Максим Соколов, для МИА "Россия сегодня"
Создается впечатление, что итоги — "охи", то есть "нет" — греческого референдума по вопросу признания или непризнания требований Еврокомиссии, ЕЦБ и МВФ произвели на вождей ЕС прямо ошеломительное действие. При том, что отрицательный ответ был по меньшей мере вероятным, и готовя свою реакцию, вождям следовало бы брать в расчет также и этот вариант.
Можно не признавать результаты крымского референдума, ибо их признание означало бы определенные действия со стороны признающих держав — изменение географических карт, изменение консульских округов (житель Симферополя должен был бы обращаться за бельгийской, допустим, визой не в киевское, а в московское консульство Бельгии) etc. Непризнание крымского референдума означает, что иностранные державы просто исходят из status quo, существовавшего в феврале 2014 года до присоединения Крыма к России.

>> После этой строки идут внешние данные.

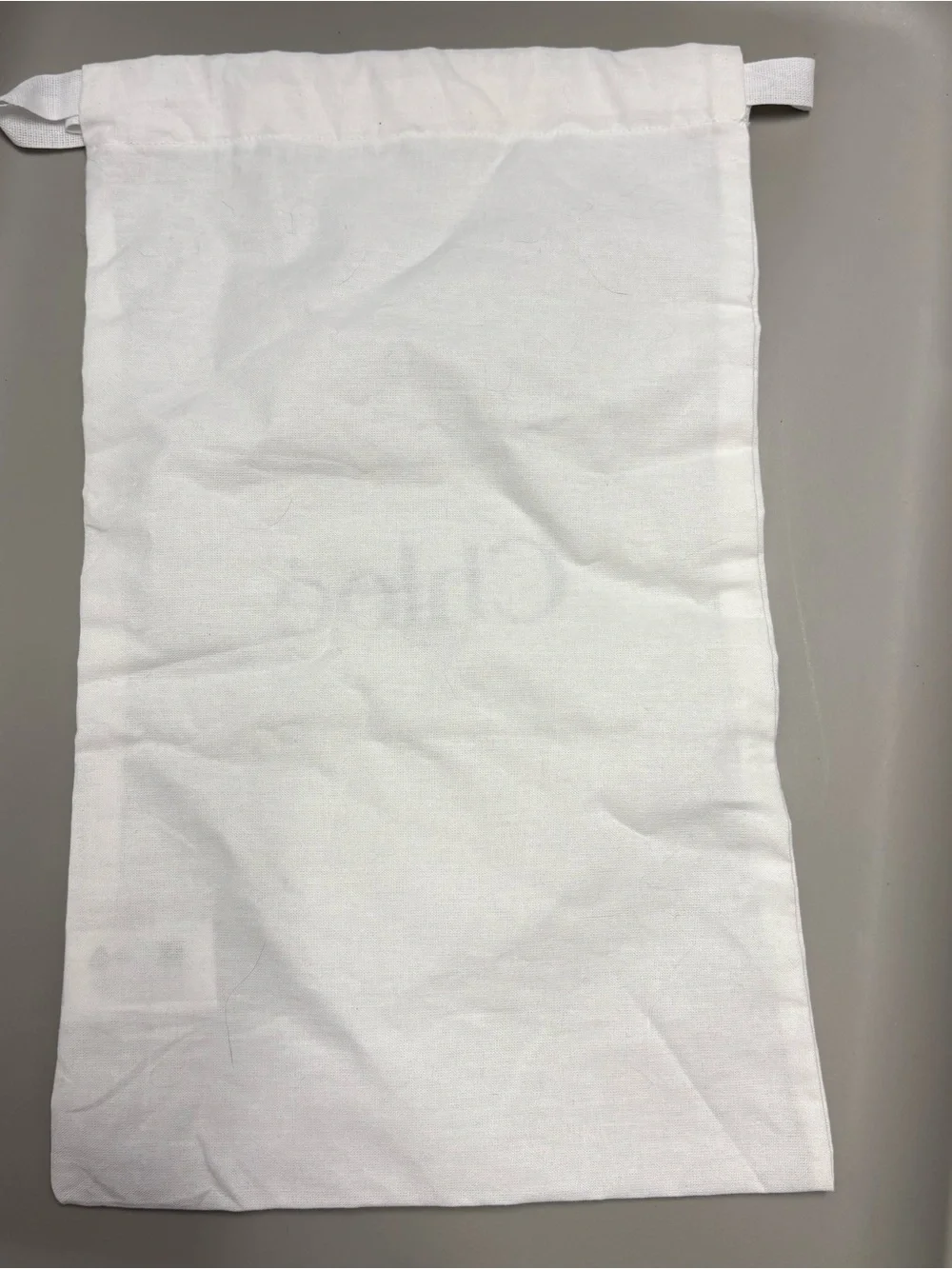 CHLOE - White Cotton Dust Bag For shoes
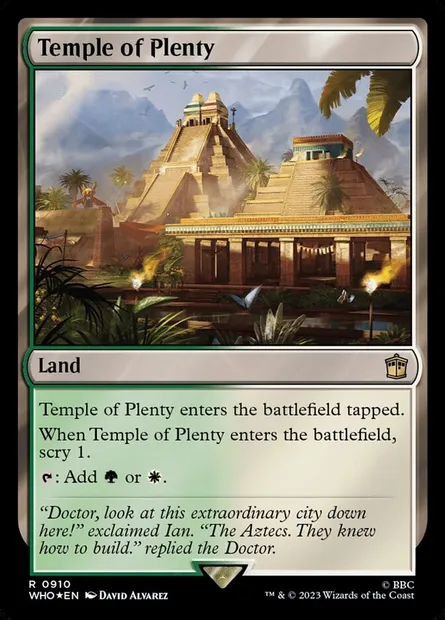 Temple de la profusion, carte Magic WHO 910 — extension Doctor Who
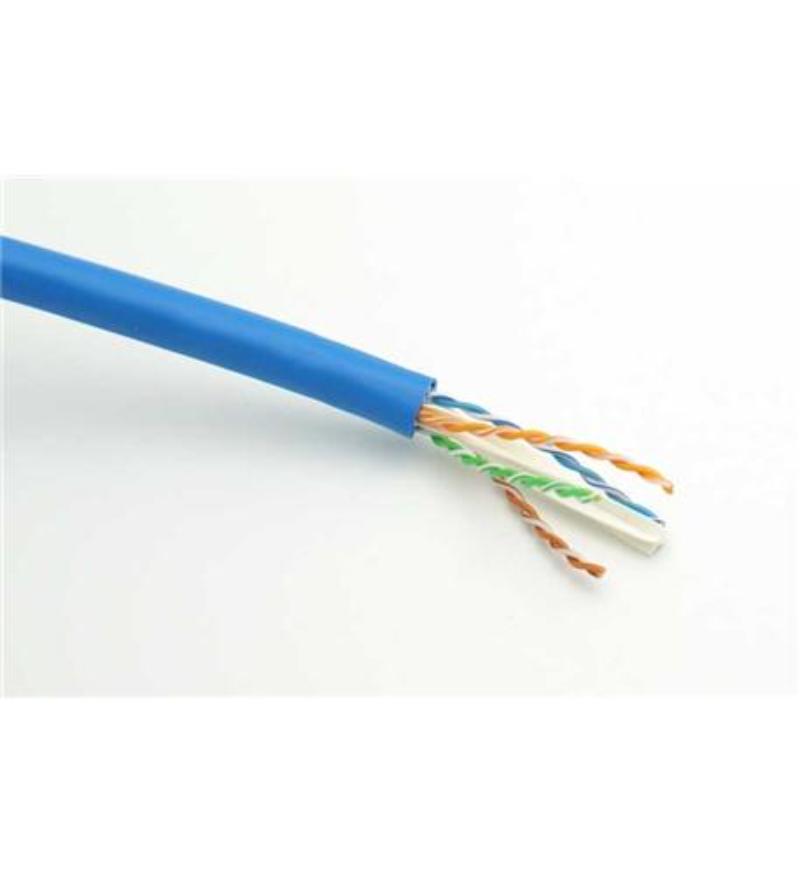 WAV-CAT6A-PLEN-BL CAT6A Plenum Ethernet Cable - Blue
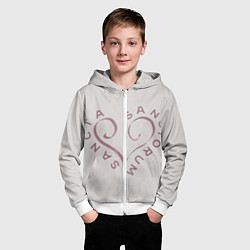 Толстовка на молнии детская Святая святых, цвет: 3D-белый — фото 2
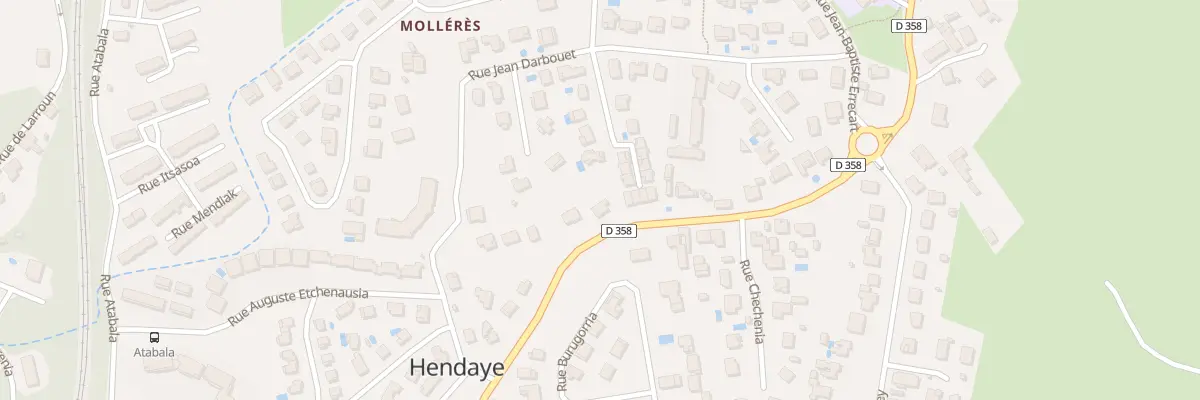 Plan du 93 Bd de l’Empereur à Hendaye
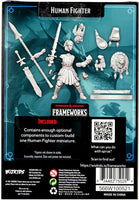 D&D Frameworks: Human Fighter Female Miniature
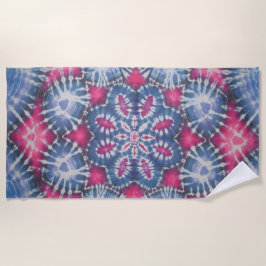 Toalha De Praia Lotus Tie Dye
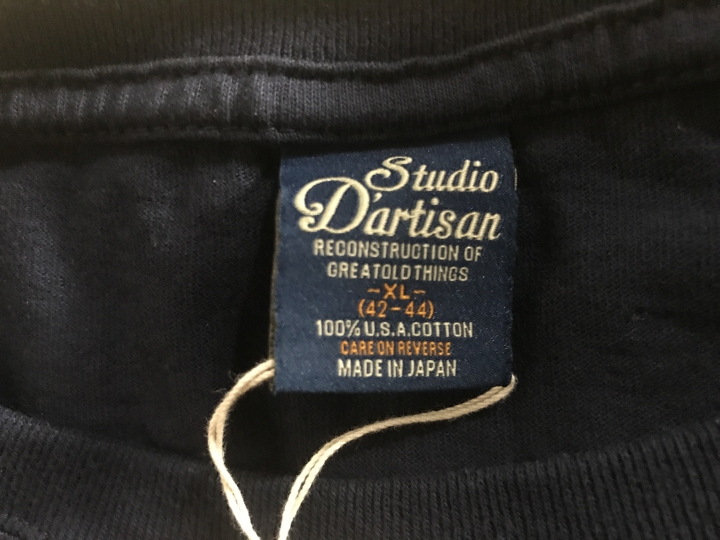 STUDIO D'ARTISAN 美國棉t分享
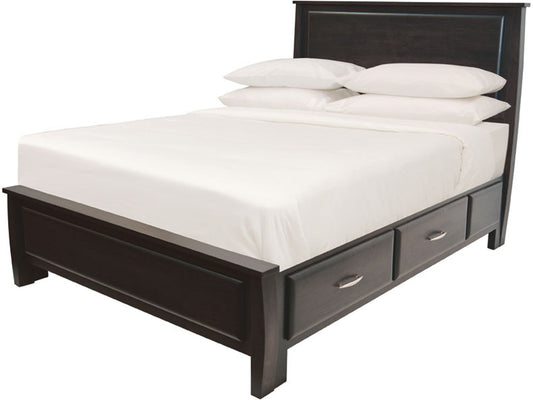 Seymour Storage bed - solid wood, locally built, Canadian made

Греческий же референдум — совершенно о другом. Он о том, что греки уполномочили свое правительство отказаться (во всяком случае, в предложенном кредиторами объеме) от своих долговых обязательств, а равно и от требуемых чрезвычайных мер экономии. Греции был предложен ультиматум, т. е. документ, содержащий список срочных требований и завершающийся формулой "в случае отказа последствия вам должны быть очевидны". Как можно не признать, то есть не принять к сведению отказ от выполнения ультиматума? Бред, сапоги всмятку.
Однако в этом бреде есть своя логика, ибо хоть принять к сведению отказ от ультиматума, хоть не принимать — положение совершенно аховое, причем у обоих тяжущихся сторон, и у Греции, и у ЕС.

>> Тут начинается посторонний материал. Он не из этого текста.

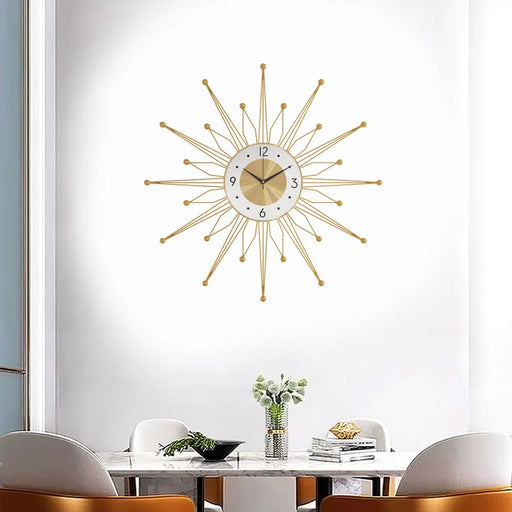 19.68" Modern Gold Silent Wall Clock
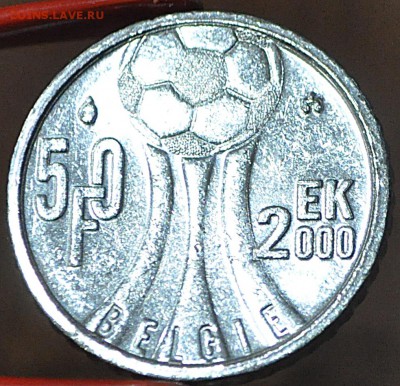 Бельгия 50 франков 2000 футбол UNC	 до 	08.12.15	 22:00 МСК - DSC_0241.JPG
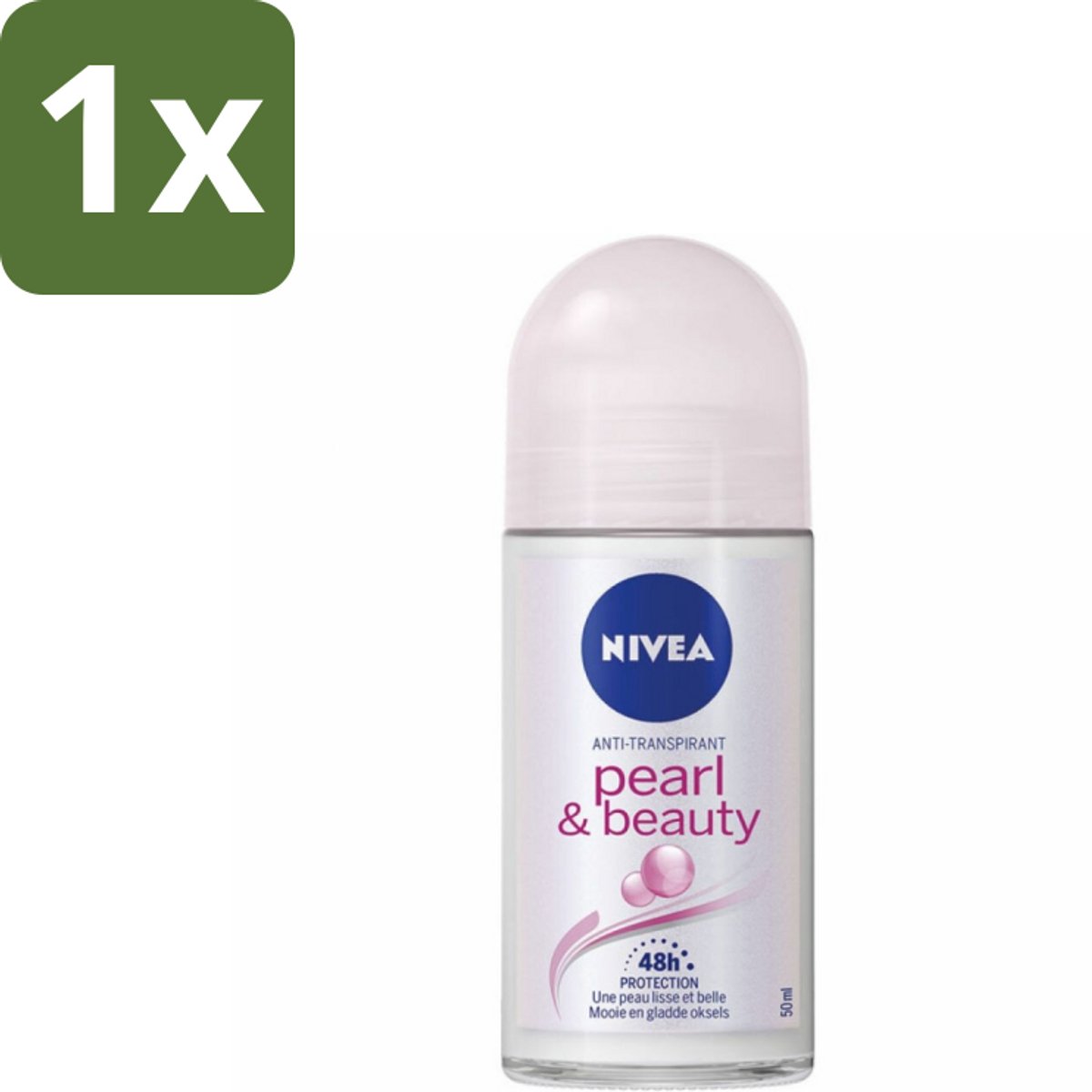 Nivea – Deodorant Roller – Pearl & Beauty – 50 ml - 1 stuk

Причем у Греции в определенном смысле даже менее аховое. Элладе не впервой банкротиться, обнулит долговые обязательства, напечатает новую драхму и будет медленно выползать из ямы, познавая честную бедность.
Но главное — это заразительность дурного примера. На южном фланге ЕС западнее Греции находятся Италия, Испания и Португалия, причем их экономики тоже пребывают не в блестящем состоянии, а единая валюта евро, не позволяющая манипулировать обменным курсом, тянет их ко дну по греческому образу. На подходе Франция, экономическое положение которой также далеко не блестящее.
Капитуляция Брюсселя перед Афинами, как минимум, вызовет в романской части Западной Европы сильные настроения "А чем мы хуже? Почему Греция имеет право на такие экстраординарные послабления, а мы нет?". Возникновение же демократической бузы в романских странах означает конец ЕС — во всяком случае, в том его виде, к которому мы привыкли.
Это будет уже Северо-Восточно Европейский Союз (СВЕС), включающий в себя развитые германские страны во главе с ФРГ и менее развитые страны-сателлиты, доставшиеся ЕС в наследство от СССР. Удельный вес сателлитов при этом резко возрастет, их влияние на принимаемые СВЕС решения тоже. Справятся ли германские народы с такой переконфигурацией, сохранит ли Берлин свою нынешнюю гегемонию в ЕС — на этот вопрос нет однозначного ответа.
В том-то все и дело, что стабильность ЕС в период его безудержного расширения была сильно переоценена — примерно, как нерушимость союза республик свободных, т. е. СССР. Демарш Литвы, в марте 1990 г., объявившей о своей независимости, породил тектонические сдвиги уже спустя полтора года. Цепная реакция — большая сила.
Естественно, всякая аналогия хромает, но то, что Греция может выступить в роли костяшки домино, обрушивающей всю конструкцию — это вполне реальная опасность.
По состоянию на 6 июля Афины и Брюссель подобны двум истребителям, летящим навстречу друг другу лоб в лоб — и тот летчик, у которого первым сдадут нервы, и он отвернет, будет неминуемо сбит.
Чем кончится воздушный бой, не знает никто.